The circuit here presents an Oscillator featuring the following attributes:

• 1.1A guaranteed output current for sine and triangle waves with thermal shutdown and protection diodes
• Variable offset and gain for the sine/triangle output
• CMOS-compatible complementary square wave outputs capable of driving into 50 Ohm with rise/fall times of 30ns at 10V (new in Rev 3).
• Frequency range 0.5Hz to 300 kHz (but signal degenerates when approaching the upper frequency limit)
• Single supply operation, 5V to 15V
• About 50% duty cycle (non-precision and adjustable via a trim pot)

(This is the 3rd revision dated 09/2004.)

The circuit is a fairly easy design: It consists of the actual VCO (ICL8038 with supplement parts), the sine and triangle output stage (LT1210) and the CMOS-compatible output stage using the MOSFET driver chip ICL7667.

The ICL8038 and all parts around on the lower half of the sheet make up the actual oscillator which is a modified design based on one of the application examples in Intersil's data sheet. There is a large 6-stage switch (S1) to select the major frequency and a logarithmic potentiometer (R2) for minor frequency selection.
I discourage implementing the oscillator as shown in the above sheet because most of the other potentiometers turned out to be without significant enough effect on the output wave form to jusify their application. Furthermore, duty cycle adjustment will not keep a 50% ratio over all frequencies.
The switch S2 is used to choose between sine and triangle wave for the high-current amplifier.

The CD4030 on the left top is used as CMOS-logic signal preconditioning feeding the MOSFET driver IC ICL7667 as output stage for the complementary square wave output. The application of the two XOR gates has the advantage that it can supply a sqare wave and its complement without time offset between them (because CMOS has balanced raise and fall times). Use a bypass capacitor near the ICL7667 device as it can draw quite strong currents and is capable of driving into 50 Ohm up to at least 10V resulting in rise/fall times of 30ns. So, I'm now entirely satisfied with the digital output.

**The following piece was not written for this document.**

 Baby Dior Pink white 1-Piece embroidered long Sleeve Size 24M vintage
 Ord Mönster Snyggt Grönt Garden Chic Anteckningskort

The industry-standard LM741 in combination with R11 is used to adjust the sine/triangle offset level. (Hint: You should probably use something better here - especially more output current cannot hurt.) Since this oscillator is single-supply, it comes handy that you can change the "zero level" of the wave output; you will normally adjust that to half of the supply voltage. R11 is meant to be available to the user.
The actual sine/triangle output amplifier was a bit hard to find because it should be able to drive 1A while still not degenerating signal wave form at some hundred kHz. After some searching, I found the ADSL line driver LT1210 from Linear Technology. Being an ADSL line driver, it has a high GBP and high slew rate while providing the required output current (1.1A guaranteed) at all frequencies in question. The part can be obtained e.g. from Bürklin.
It turned out that this quick current feedback amplifier required very good DC decoupling/bypassing capacitors in order not to start oscillating of its own (at frequencies up to 40MHz). It took me a lot of time to get it work properly; but once that is achieved, the amplifier shows very good performance. (Note: The current implementation is not yet perfect as I noted some months later: It may still start oscillating for parts of the period when driving some special loads.)
R18 is used to trim the VCO output offset from the ICL8038 (about half supply voltage). R12 is meant for the user as gain adjustment to tune the sine/triangle amplitude from zero to more than supply voltage (resulting in wave tips being cut off). The maximum gain is trimmed by R13/R14 and care sould be taken to use proper values (consult LT1210's data sheet for details).